[Caption-style text data]
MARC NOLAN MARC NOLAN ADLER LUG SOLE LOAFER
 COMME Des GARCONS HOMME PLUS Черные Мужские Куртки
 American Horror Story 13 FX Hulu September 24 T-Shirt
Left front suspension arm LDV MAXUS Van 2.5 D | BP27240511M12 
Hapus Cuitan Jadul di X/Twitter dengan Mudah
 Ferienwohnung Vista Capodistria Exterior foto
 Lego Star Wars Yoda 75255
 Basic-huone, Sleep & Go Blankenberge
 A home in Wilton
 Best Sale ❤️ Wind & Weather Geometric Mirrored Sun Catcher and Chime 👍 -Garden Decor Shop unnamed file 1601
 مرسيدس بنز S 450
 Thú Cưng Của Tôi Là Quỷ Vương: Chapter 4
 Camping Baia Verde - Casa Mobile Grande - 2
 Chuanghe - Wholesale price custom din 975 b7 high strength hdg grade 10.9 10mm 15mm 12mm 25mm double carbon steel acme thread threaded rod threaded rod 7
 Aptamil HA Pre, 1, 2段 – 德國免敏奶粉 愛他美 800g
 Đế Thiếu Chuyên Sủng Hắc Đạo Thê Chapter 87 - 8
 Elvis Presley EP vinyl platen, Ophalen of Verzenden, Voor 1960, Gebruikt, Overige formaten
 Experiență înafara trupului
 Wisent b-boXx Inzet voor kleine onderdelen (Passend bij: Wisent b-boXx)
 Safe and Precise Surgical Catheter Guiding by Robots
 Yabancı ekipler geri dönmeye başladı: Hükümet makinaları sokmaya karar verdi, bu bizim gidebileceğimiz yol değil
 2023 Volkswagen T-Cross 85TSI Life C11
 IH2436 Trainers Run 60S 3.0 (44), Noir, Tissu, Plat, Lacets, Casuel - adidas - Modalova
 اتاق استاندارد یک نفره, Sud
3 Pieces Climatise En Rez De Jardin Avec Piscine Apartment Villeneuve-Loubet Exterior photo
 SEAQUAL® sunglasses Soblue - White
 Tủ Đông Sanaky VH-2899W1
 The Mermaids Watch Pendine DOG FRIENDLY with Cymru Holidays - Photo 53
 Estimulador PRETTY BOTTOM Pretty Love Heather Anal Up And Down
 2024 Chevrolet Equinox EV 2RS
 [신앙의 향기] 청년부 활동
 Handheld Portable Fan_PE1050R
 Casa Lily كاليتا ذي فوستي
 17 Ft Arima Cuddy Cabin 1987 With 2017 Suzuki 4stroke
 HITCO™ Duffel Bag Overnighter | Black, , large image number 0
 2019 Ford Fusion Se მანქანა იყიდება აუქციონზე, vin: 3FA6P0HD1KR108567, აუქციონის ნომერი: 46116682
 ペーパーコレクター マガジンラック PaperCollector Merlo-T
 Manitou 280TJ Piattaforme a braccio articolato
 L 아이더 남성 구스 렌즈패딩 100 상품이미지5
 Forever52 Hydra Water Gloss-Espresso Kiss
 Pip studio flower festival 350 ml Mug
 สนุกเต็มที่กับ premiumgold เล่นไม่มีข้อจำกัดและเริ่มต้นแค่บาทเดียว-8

What to work on:
Please copy the line that holds "3 Pieces Climatise" and each line under it through the last line above, exactly as they stand, adding nothing.

Exercise response:
3 Pieces Climatise En Rez De Jardin Avec Piscine Apartment Villeneuve-Loubet Exterior photo
 SEAQUAL® sunglasses Soblue - White
 Tủ Đông Sanaky VH-2899W1
 The Mermaids Watch Pendine DOG FRIENDLY with Cymru Holidays - Photo 53
 Estimulador PRETTY BOTTOM Pretty Love Heather Anal Up And Down
 2024 Chevrolet Equinox EV 2RS
 [신앙의 향기] 청년부 활동
 Handheld Portable Fan_PE1050R
 Casa Lily كاليتا ذي فوستي
 17 Ft Arima Cuddy Cabin 1987 With 2017 Suzuki 4stroke
 HITCO™ Duffel Bag Overnighter | Black, , large image number 0
 2019 Ford Fusion Se მანქანა იყიდება აუქციონზე, vin: 3FA6P0HD1KR108567, აუქციონის ნომერი: 46116682
 ペーパーコレクター マガジンラック PaperCollector Merlo-T
 Manitou 280TJ Piattaforme a braccio articolato
 L 아이더 남성 구스 렌즈패딩 100 상품이미지5
 Forever52 Hydra Water Gloss-Espresso Kiss
 Pip studio flower festival 350 ml Mug
 สนุกเต็มที่กับ premiumgold เล่นไม่มีข้อจำกัดและเริ่มต้นแค่บาทเดียว-8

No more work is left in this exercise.